- Opening Delimiter -

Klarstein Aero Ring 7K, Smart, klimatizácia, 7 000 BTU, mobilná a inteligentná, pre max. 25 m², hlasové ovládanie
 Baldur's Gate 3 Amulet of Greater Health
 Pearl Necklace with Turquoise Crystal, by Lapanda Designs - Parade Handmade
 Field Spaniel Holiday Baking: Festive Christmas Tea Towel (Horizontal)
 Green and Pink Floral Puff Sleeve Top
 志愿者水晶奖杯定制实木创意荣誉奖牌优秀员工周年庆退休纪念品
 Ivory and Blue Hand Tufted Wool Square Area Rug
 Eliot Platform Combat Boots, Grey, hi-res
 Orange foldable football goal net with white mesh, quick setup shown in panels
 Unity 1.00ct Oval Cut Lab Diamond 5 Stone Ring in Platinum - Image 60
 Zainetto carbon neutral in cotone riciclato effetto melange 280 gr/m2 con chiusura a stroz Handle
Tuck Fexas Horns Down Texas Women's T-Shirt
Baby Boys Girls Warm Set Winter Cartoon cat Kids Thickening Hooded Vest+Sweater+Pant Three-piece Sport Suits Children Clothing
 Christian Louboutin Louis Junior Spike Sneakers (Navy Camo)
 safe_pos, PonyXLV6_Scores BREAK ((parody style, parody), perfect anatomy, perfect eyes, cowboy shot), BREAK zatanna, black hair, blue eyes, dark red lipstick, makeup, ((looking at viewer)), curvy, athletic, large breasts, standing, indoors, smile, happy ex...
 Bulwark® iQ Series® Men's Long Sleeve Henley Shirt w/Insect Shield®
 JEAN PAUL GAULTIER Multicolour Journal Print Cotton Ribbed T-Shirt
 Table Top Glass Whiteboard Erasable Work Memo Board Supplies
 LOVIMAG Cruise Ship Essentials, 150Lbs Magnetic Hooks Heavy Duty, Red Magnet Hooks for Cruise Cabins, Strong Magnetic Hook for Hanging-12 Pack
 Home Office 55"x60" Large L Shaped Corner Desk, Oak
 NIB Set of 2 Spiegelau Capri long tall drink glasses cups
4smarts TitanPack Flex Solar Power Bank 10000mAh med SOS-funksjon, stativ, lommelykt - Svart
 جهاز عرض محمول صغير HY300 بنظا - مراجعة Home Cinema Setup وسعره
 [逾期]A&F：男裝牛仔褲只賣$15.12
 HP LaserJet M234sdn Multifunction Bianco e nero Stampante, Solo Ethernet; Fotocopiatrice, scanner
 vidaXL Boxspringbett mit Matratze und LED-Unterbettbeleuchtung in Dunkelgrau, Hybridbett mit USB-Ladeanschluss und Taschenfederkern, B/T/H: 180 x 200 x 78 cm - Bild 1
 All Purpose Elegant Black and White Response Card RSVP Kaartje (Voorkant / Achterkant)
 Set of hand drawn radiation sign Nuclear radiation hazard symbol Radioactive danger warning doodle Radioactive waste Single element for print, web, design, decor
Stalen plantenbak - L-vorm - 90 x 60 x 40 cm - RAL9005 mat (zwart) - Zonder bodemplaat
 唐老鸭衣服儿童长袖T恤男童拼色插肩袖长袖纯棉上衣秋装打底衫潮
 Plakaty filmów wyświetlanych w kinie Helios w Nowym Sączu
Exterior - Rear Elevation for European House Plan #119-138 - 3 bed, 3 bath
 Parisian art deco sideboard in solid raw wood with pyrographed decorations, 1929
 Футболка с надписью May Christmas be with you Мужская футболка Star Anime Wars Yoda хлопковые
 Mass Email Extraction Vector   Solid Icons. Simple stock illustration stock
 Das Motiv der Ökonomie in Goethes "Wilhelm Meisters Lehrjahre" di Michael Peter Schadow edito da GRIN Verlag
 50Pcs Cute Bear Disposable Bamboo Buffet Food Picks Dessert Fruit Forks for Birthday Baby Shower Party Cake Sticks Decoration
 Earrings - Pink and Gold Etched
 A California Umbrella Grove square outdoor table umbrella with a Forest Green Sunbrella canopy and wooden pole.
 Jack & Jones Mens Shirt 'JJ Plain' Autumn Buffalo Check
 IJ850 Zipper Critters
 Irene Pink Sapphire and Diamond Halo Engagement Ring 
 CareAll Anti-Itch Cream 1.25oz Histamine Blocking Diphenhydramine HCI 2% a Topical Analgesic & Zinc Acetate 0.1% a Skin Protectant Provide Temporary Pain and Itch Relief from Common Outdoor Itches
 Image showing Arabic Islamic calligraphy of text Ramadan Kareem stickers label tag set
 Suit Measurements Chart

- Closing Delimiter -

**Aim of the exercise:** Copy the entries above exactly, but only from the line holding "Orange foldable football" through the line holding "Christian Louboutin Louis", both included.

**Response to this exercise:**
 Orange foldable football goal net with white mesh, quick setup shown in panels
 Unity 1.00ct Oval Cut Lab Diamond 5 Stone Ring in Platinum - Image 60
 Zainetto carbon neutral in cotone riciclato effetto melange 280 gr/m2 con chiusura a stroz Handle
Tuck Fexas Horns Down Texas Women's T-Shirt
Baby Boys Girls Warm Set Winter Cartoon cat Kids Thickening Hooded Vest+Sweater+Pant Three-piece Sport Suits Children Clothing
 Christian Louboutin Louis Junior Spike Sneakers (Navy Camo)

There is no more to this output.